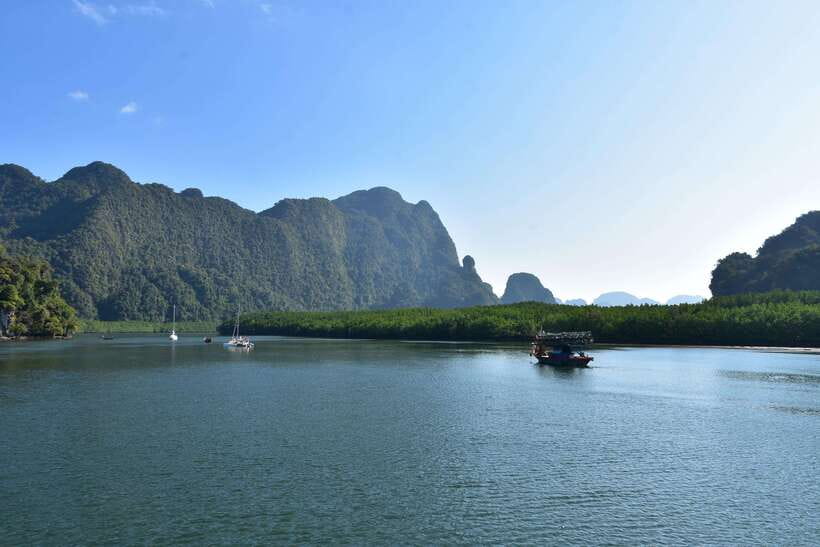Krabi: A Kayaking Odyssey through Din Daeng Mangrove Maze - Mangrove Maze + Ko Ha (Five Islands): Secret Channels for the Last Stretch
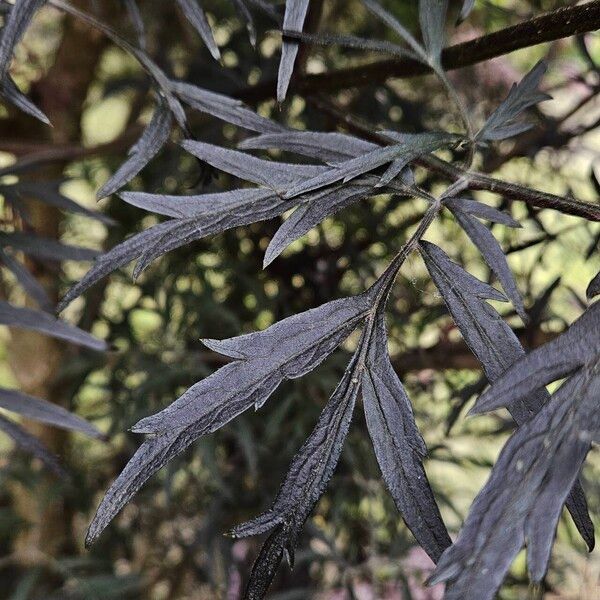 Sambucus racemosa List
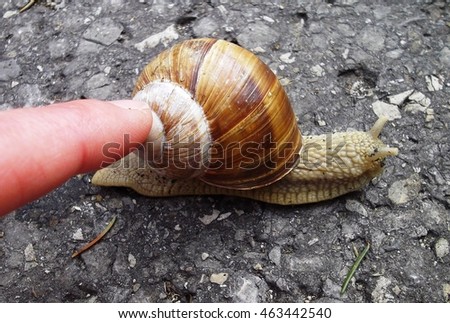 Similar – Image, Stock Photo Snail rescue operation!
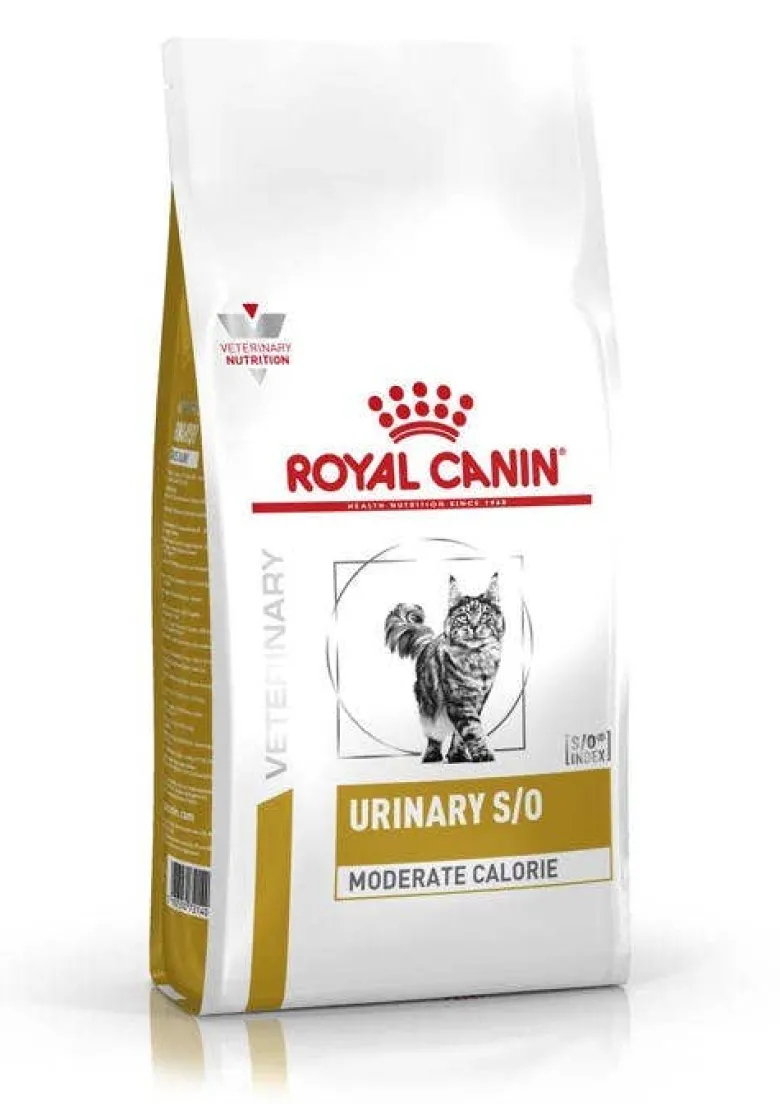 Alimento Dietetico Completo Per Gatti
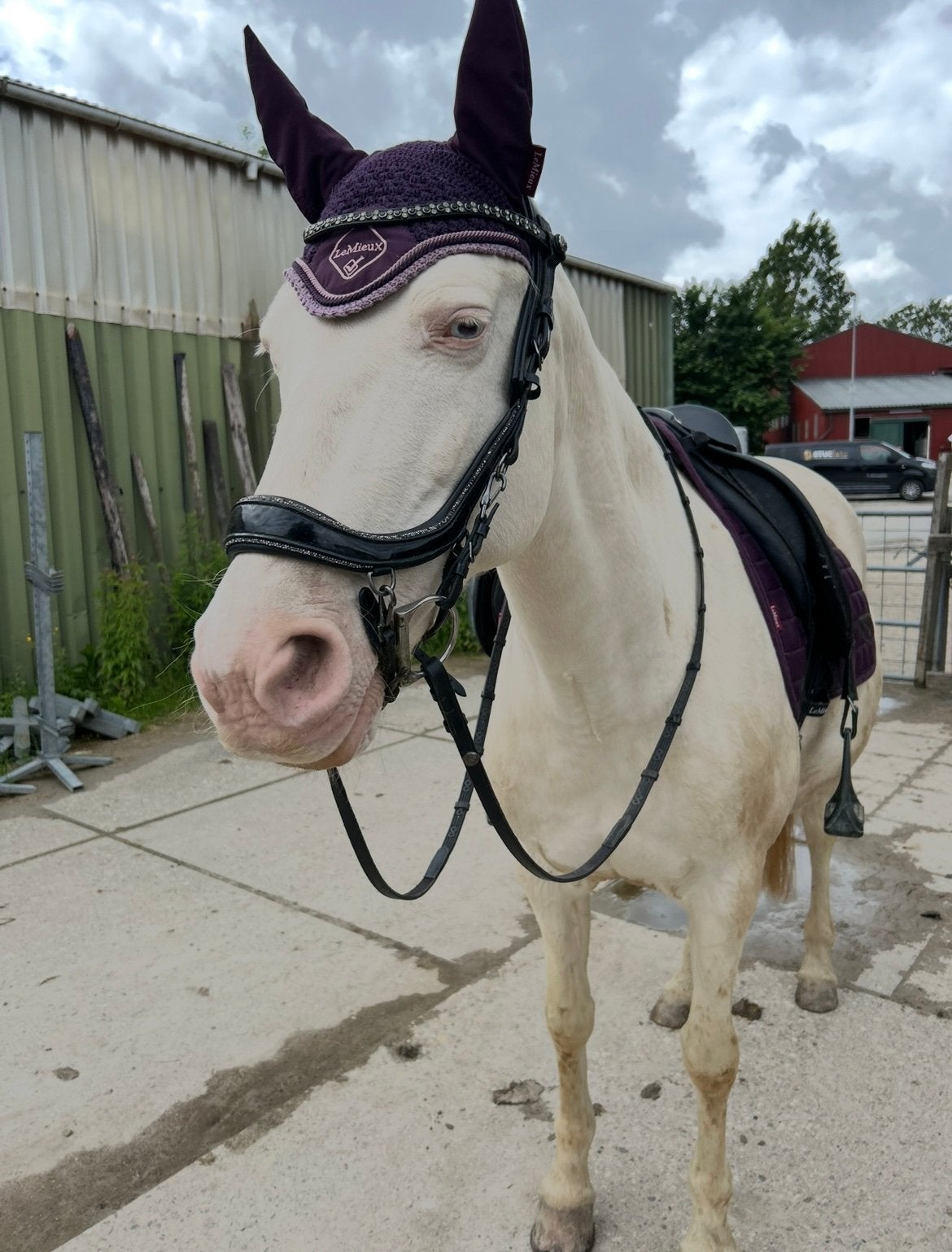 Bijrijder gezocht, Dieren en Toebehoren, Ophalen, Nieuw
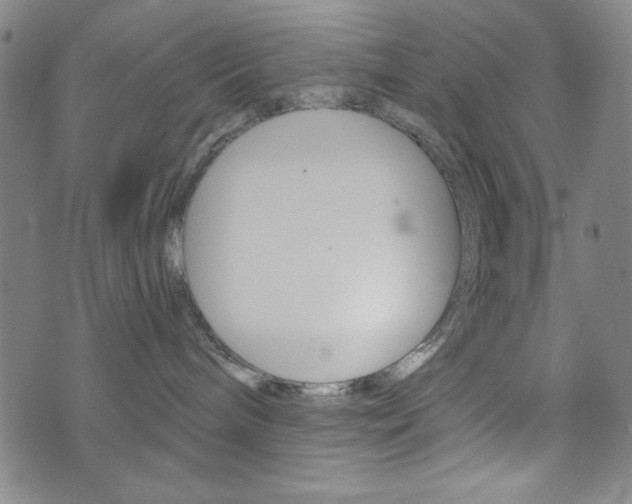 X0000073410240200607280918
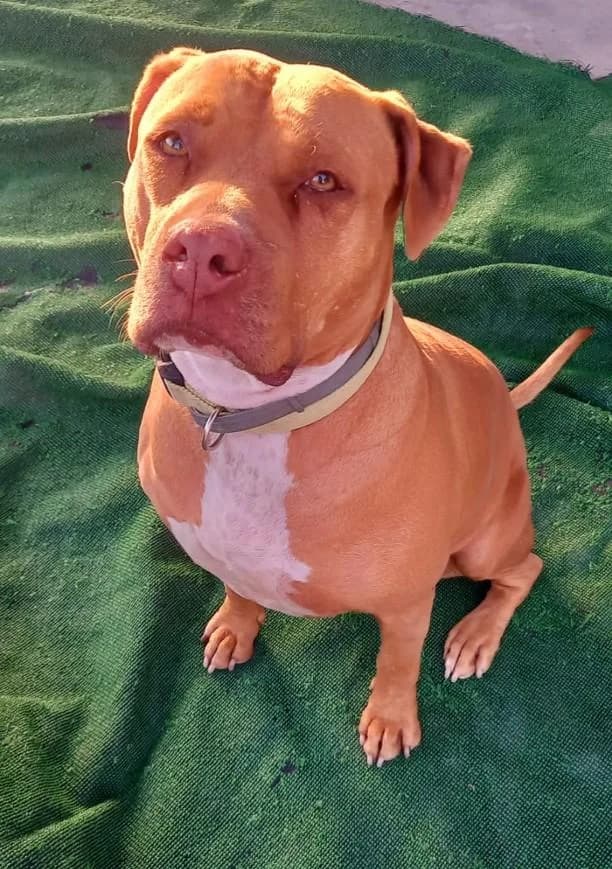 DREI, female 7yo American Staffordshire Terrier for adoption at Tier-Not-Hilfe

────────────────────

Reproduce the listing verbatim, pictures excluded.

Krabi: A Kayaking Odyssey through Din Daeng Mangrove Maze - Mangrove Maze + Ko Ha (Five Islands): Secret Channels for the Last Stretch
 Sambucus racemosa List
 Similar – Image, Stock Photo Snail rescue operation!
 Alimento Dietetico Completo Per Gatti
 Bijrijder gezocht, Dieren en Toebehoren, Ophalen, Nieuw
 X0000073410240200607280918
 DREI, female 7yo American Staffordshire Terrier for adoption at Tier-Not-Hilfe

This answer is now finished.